Can we re-brand the “I” ?

letter-i-260Currently, human communities are composed of a bunch of individuals, or ‘I’s.  A traditional font writes I as I (times).  Contemporary fonts are ‘sans-serif’; they drop the curly-ques at the ends of the letters.   In either case, there is a close visual connection between I and 1, the numeral.

The numeral 1 is the first number in our counting system.  Primary, singularity, and importance are all attached.  In the same way, humans generally prioritize their personal existence and survival as the most important.  Is this related to the “I” experience? Could we re-brand the “I” to be something else?  Would community-building, fundamentally related to the prioritization of others before yourself be helped if we could escape the tyranny of I.

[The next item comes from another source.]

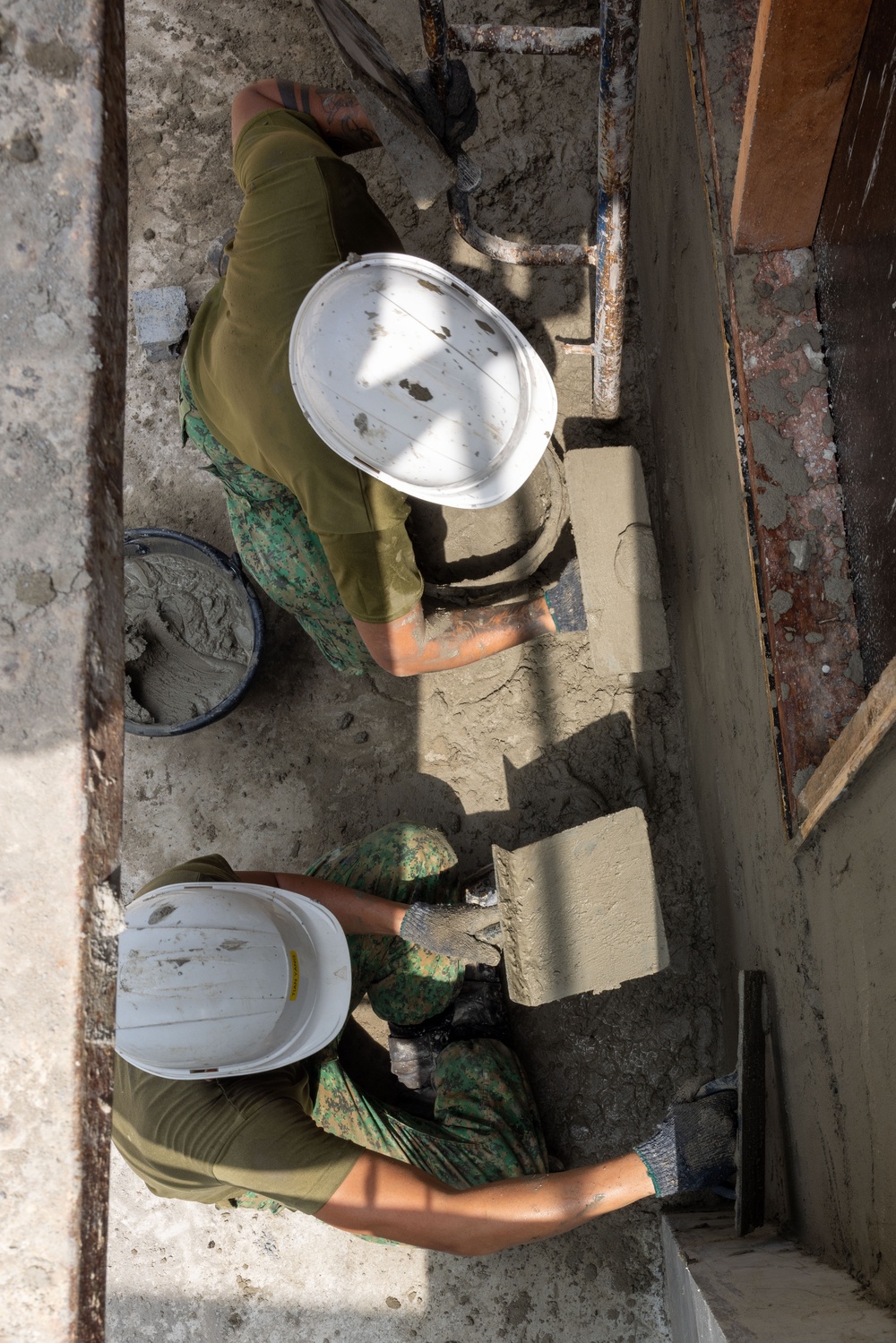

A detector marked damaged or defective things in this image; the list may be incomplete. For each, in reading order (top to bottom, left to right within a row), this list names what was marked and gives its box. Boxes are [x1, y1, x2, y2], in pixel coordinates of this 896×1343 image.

rusty metal frame [416, 0, 642, 419]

I will not pretend to be an expert in academic-semiotics.  Semiotics is the study of communication and meaning.  One of the more accessible and interesting branches of semiotics deals with the idea of signs and signifiers.  Wikipedia notes:

Ferdinand de Saussure (1857–1913), the “father” of modern linguistics, proposed a dualistic notion of signs, relating the signifier as the form of the word or phrase uttered, to the signified as the mental concept. It is important to note that, according to Saussure, the sign is completely arbitrary, i.e. there was no necessary connection between the sign and its meaning.

The signifier is the scribble on the page, or image, or collection of vowel sounds.  The signified is how we interpret and impart meaning onto that visual or verbal sign, and is arbitrary.  Arbitrary means freedom.  In the light of this knowledge, let us consider our famously divisive friend Rene Descartes and his best known:

cogito ergo sum
je pense, donc je suis
i think, therefore i am or i am thinking therefore i exist

His ‘I’ is a unity of mind and body — existence is based on thought.  I am also not an expert on Descartian philosophy.  However, to me this means the body and mind are one and the same.  Mind is limited to the experience of bodily feeling.  You, and your thoughts are dependent on the very existence of your body.  Now, for a semiotic experiment:

I think therefore I am

Replacing I with E.

E think therefore E am

What does ‘E’ mean?  Right now it is meaningless to the majority of individuals.  What if we design meaning into E.  And that meaning is something about how you are not just you.  Your personal survival is dependent upon the survival of your community, and all that sustains it.  And by community, E means everything from small bugs, microbes, birds, plants, small children, grass, light, water, clean air, evil humans, good humans, your family, to dirt and everything around you.

lettereTry it for awhile:  intentionally replace all thoughts in your head that include the ego-tyrant ‘I’ with E, defining E for yourself as a total experience of community, something like that described above.

Extrapolate this to a larger group.  A community is no longer a collection of individuals, all half-working towards a common good, and half working towards their own self-advancement.  Rather, you are the community.  In every thought, every sentence, every spoken word, you are community. It is no longer possible to exist outside of this.

Sounds totalitarian, a little too like Orwellian doublespeak eh?

Yet, if the world is as Marceau Merleau-Ponty describes, “glowing with meaning radiating from within”, our world might start to radiate with community.